ATLANTA — The state Senate passed four election bills Tuesday.
"We are hearing from our voters that have lost confidence" in the election, Brad Carver told lawmakers Monday. Carver is a district chairman of the Georgia Republican Party.
"There was no widespread voter fraud," countered state Sen. Sally Harrell (D-DeKalb County) during a debate Tuesday.
At issue is whether Georgia should pass bills that would make voting more difficult.
"It’s about security and election integrity and allowing the Georgia public to have confidence in the vote," said state Sen. Larry Walker III (R-Perry), sponsor of a voter ID bill that passed Tuesday.

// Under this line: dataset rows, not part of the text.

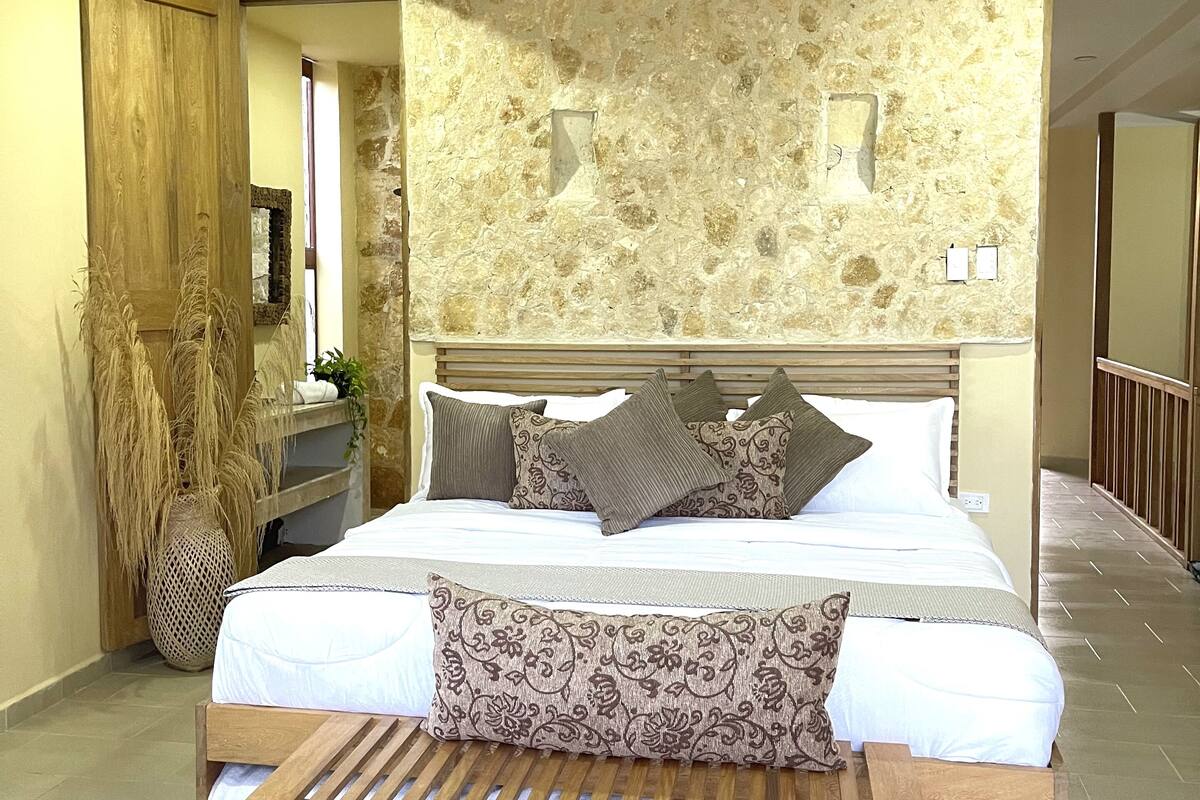 A bedroom with a bed, a wooden bench, a ceiling fan, and a stone wall.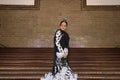 Young teenage woman in white dance suit with black polka dots, black shawl and green carnations in her hair doing flamenco poses Royalty Free Stock Photo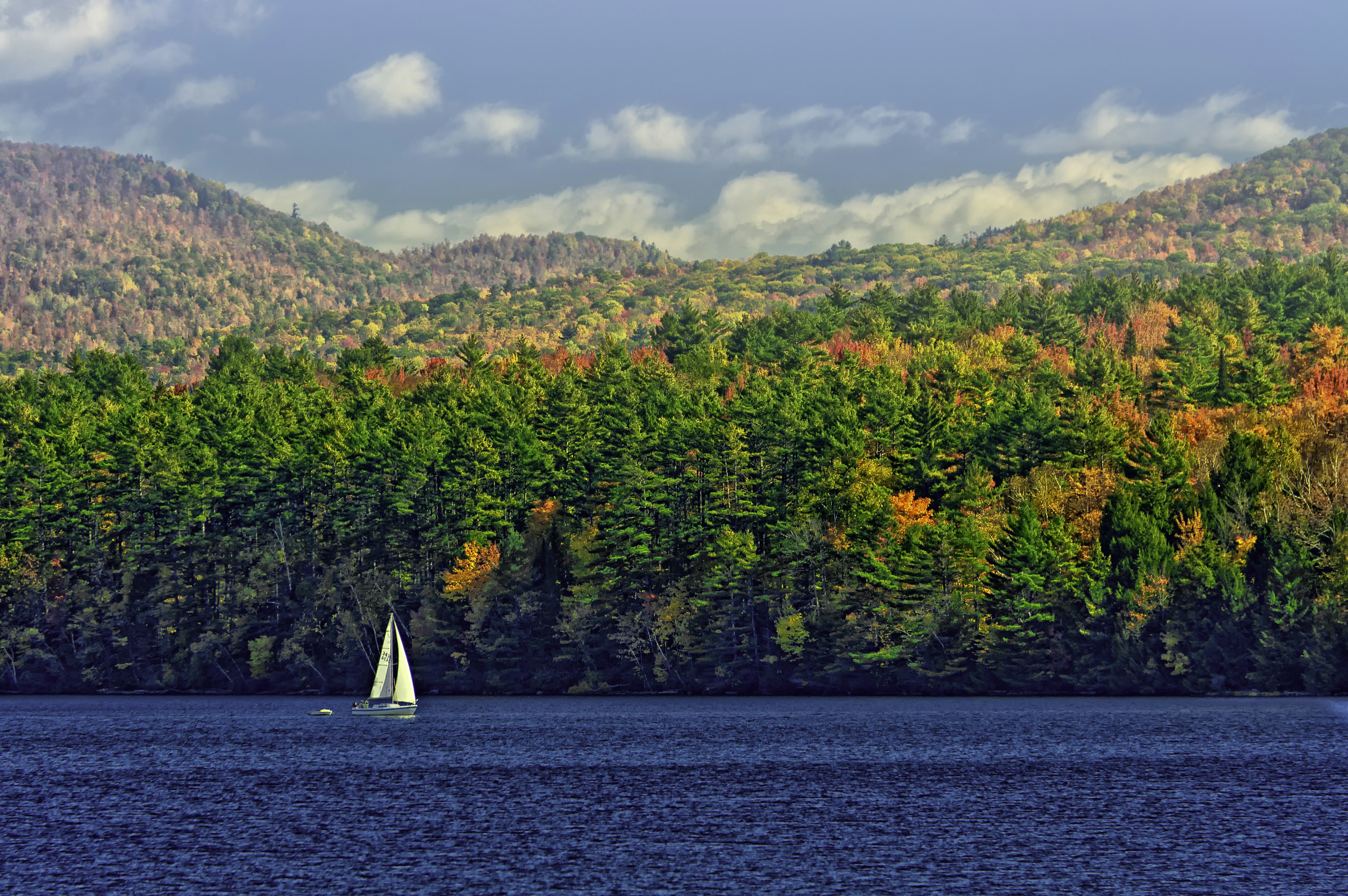 A sailboat cruises on a pristine lake as the trees on the hill behind just start to change colors; New England fall foliage road trip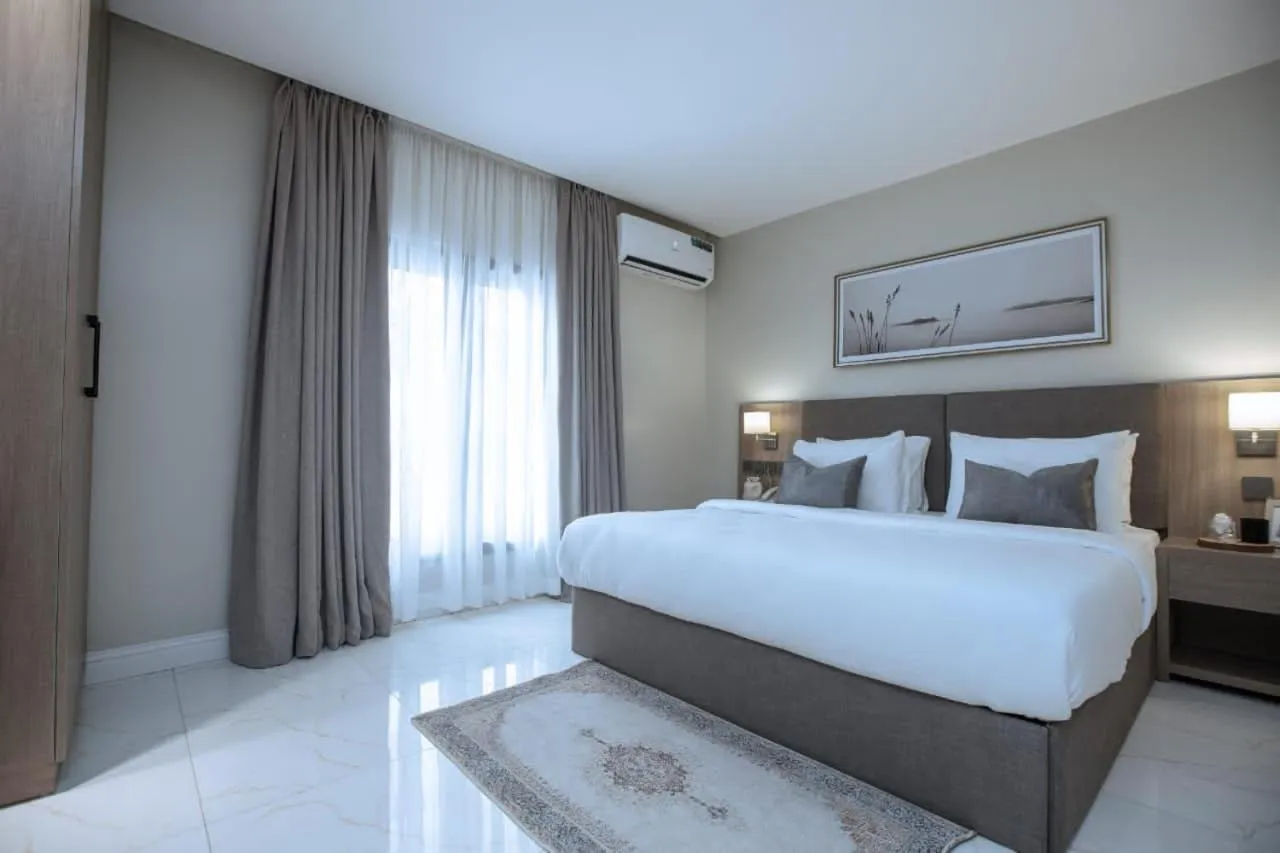 Bed in Knightsbridge Hotel & Suites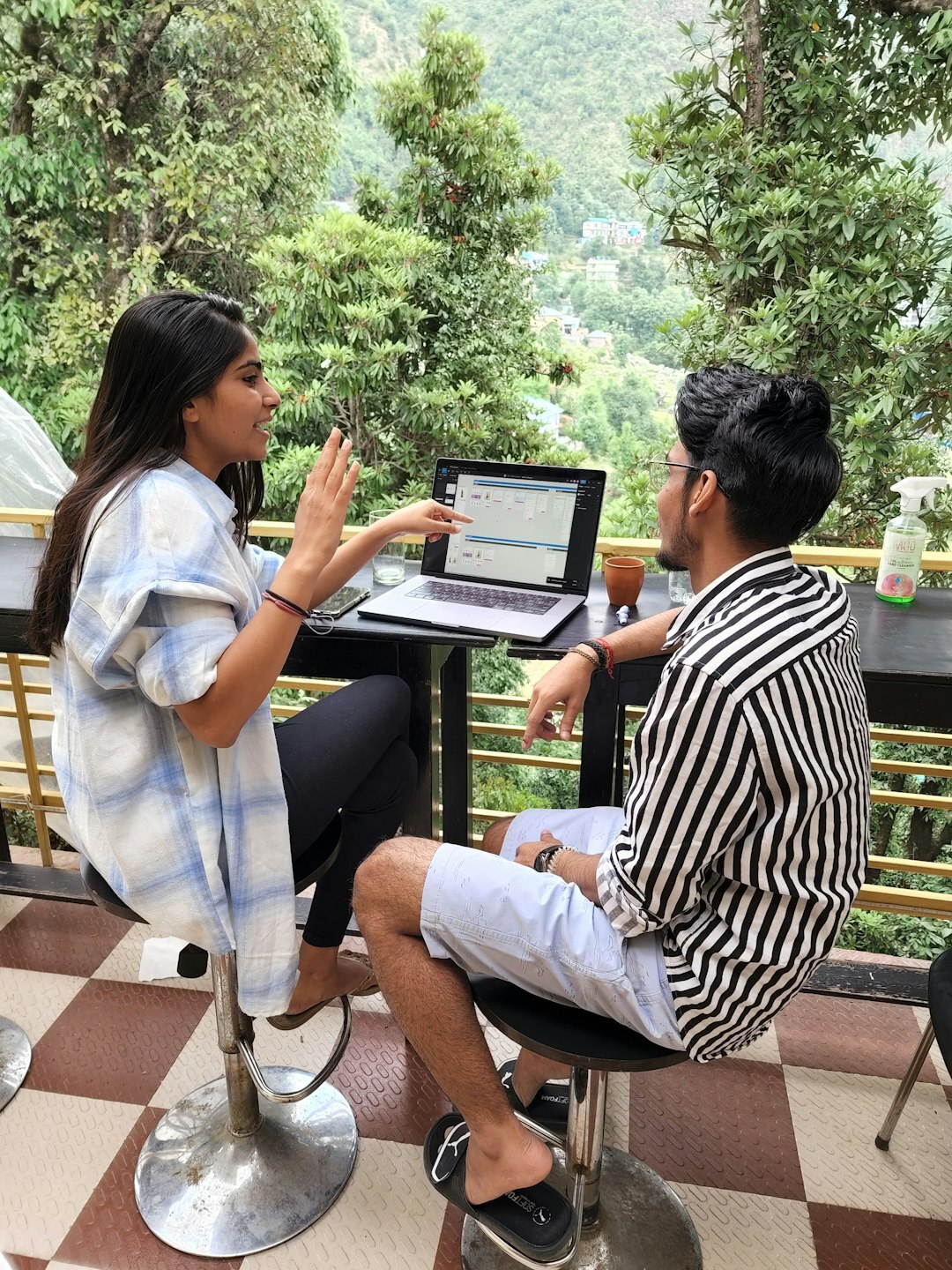 Colleagues talking during a meeting in the office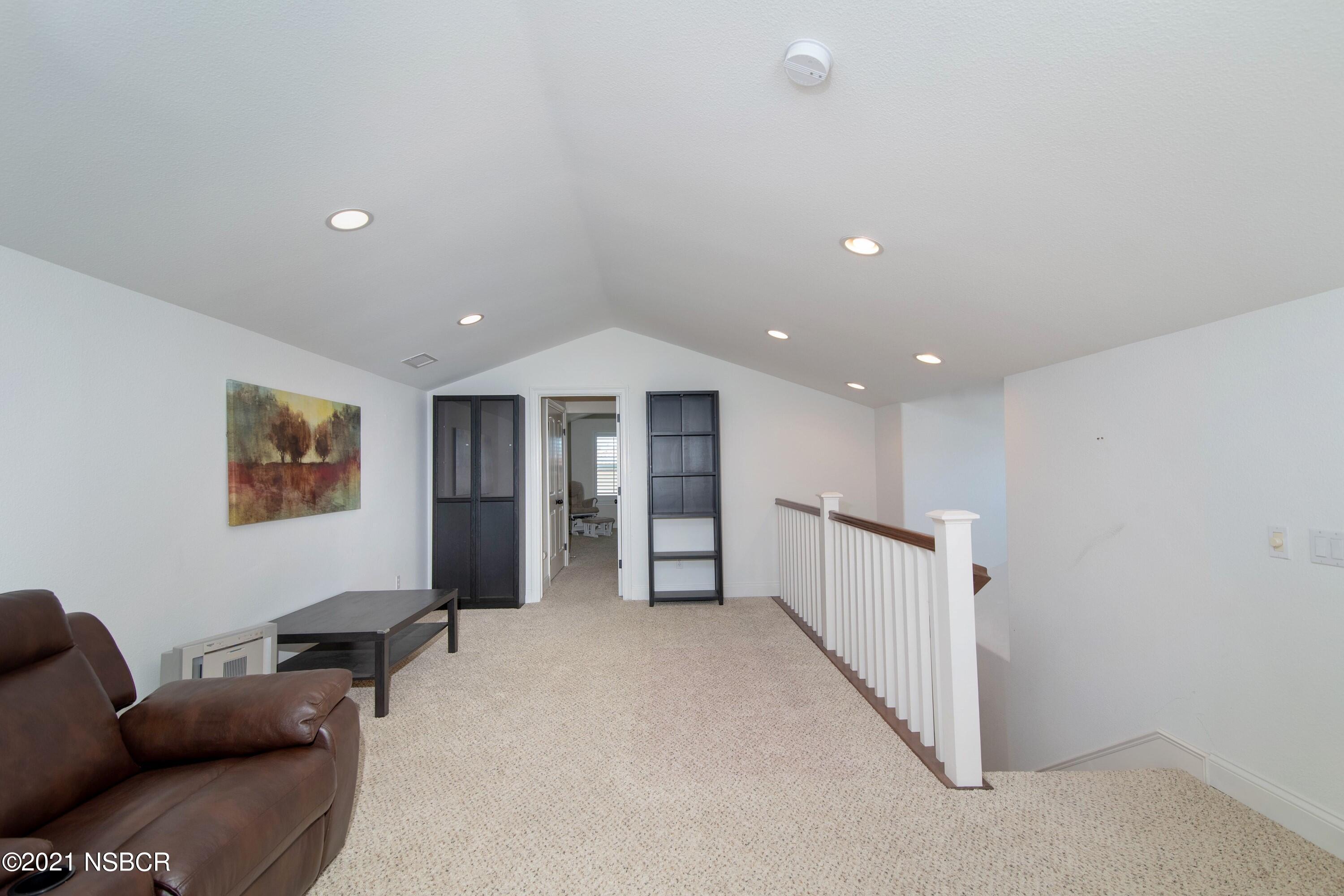 3709 Jupiter Avenue Lompoc, CA 93436 - Photo 20 of 26 a living room with furniture and a window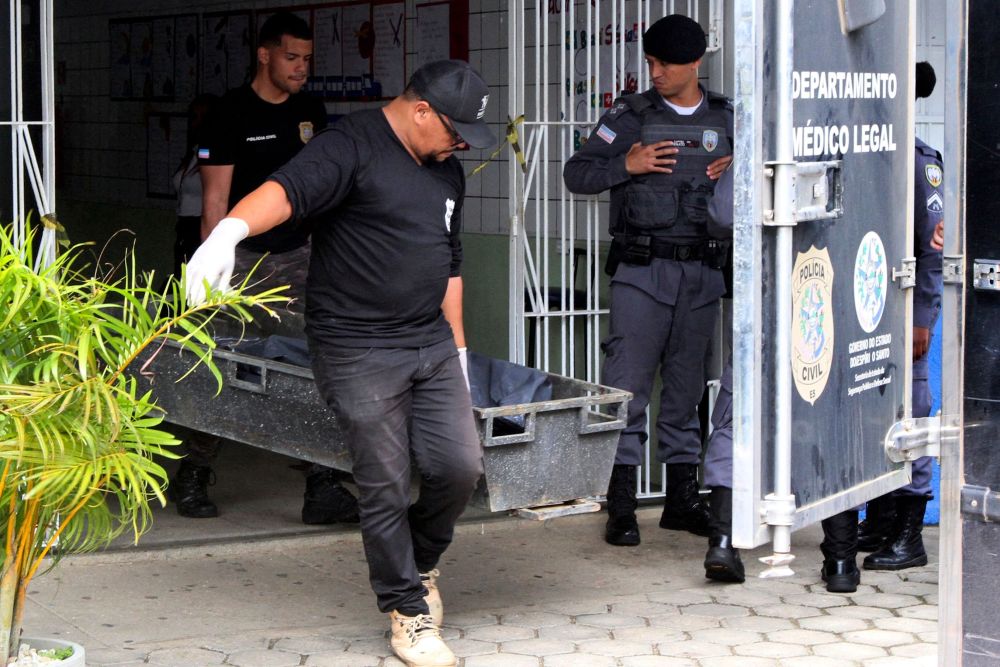 Pakar jenayah mengangkat mayat mangsa yang terbunuh dalam insiden tembakan di sekolah di Aracruz, Negeri Espirito Santo, Brazil kelmarin. — Gambar AFP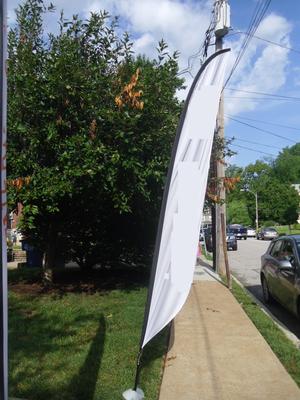 Illustrating a sail sign by church in residential neighborhood Illustrating a sail sign by church in residential neighborhood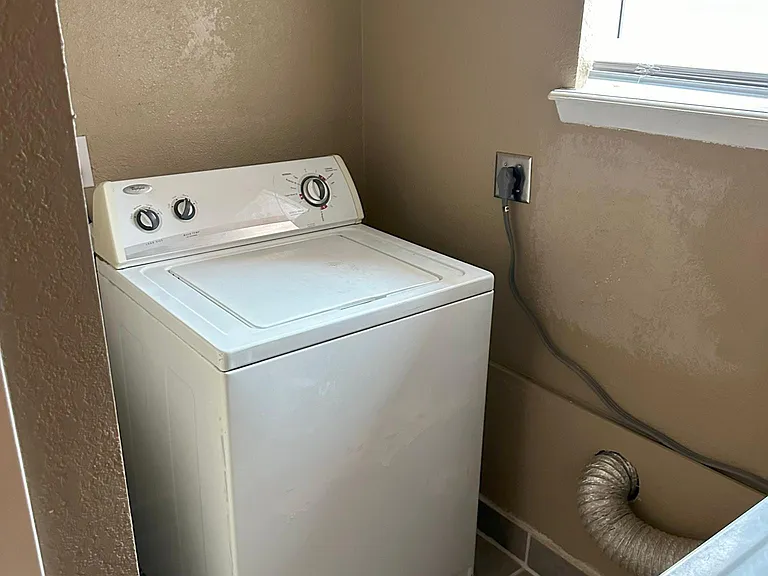 Washer in large laundry room
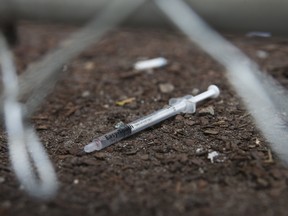 A discarded needle, with blood in it, sits just behind a fence at the Victoria St. safe injection site. (Jack Boland/Toronto Sun)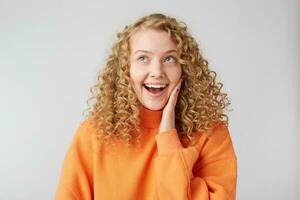 Indoor photo of happy joyful dreaming curly blonde, smiles and puts a hand to face, talking with her friend, telling a new gossip, praises her boyfriend, isolated over white background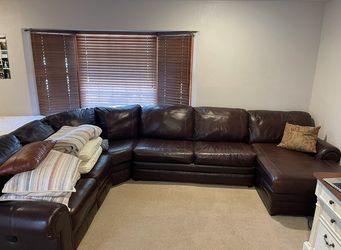 Large Dark Brown Leather Sectional Couch with Pull-Out Bed & Recliner
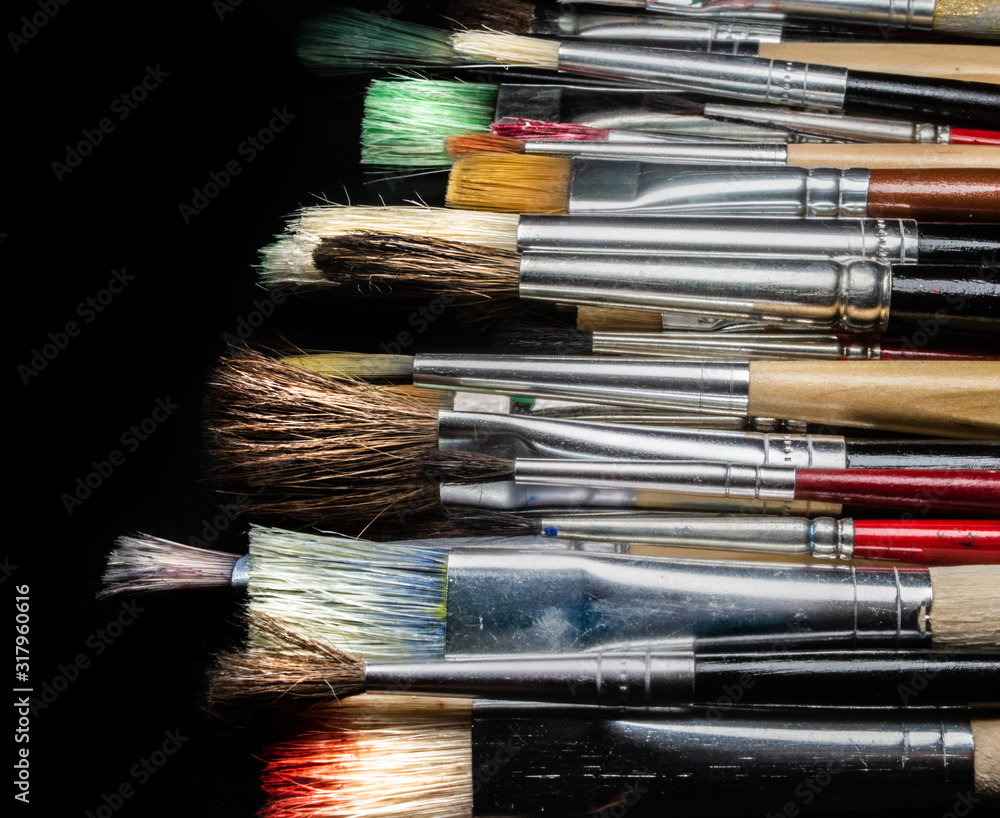 Fototapeta premium different used paint brushes on a black background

Republicans say voters lost confidence after Donald Trump lost Georgia in November. To restore voter confidence, they’ve introduced measures that would, among other things: shorten the window for absentee voting; require voters to give reasons to request an absentee ballot; and restrict early voting, including eliminating Sunday voting.
Many Black churches in Georgia produced programs they called “souls to the polls,” sending folks straight from church into early voting sites. African Americans are largely among the most reliable voters for Democrats.
"Eliminating Sunday voting and one day on Saturday is a direct message to Black voters here in the state of Georgia – as well as the black church," said Rev. James Woodall, president of the Georgia NAACP, during a hearing Monday.
The range of Republican election bills drew a tearful rebuke from a longtime Democratic lawmaker from Macon.
"Every last one of these election bills is about the election didn’t turn out the way you want," state Sen. David Lucas told his GOP colleagues Tuesday. "You want perpetuate the lie that Trump told" about voter fraud.
Though the Senate passed four election bills by early afternoon, the measures that really worry the critics - including the ban on Sunday voting - are still pending.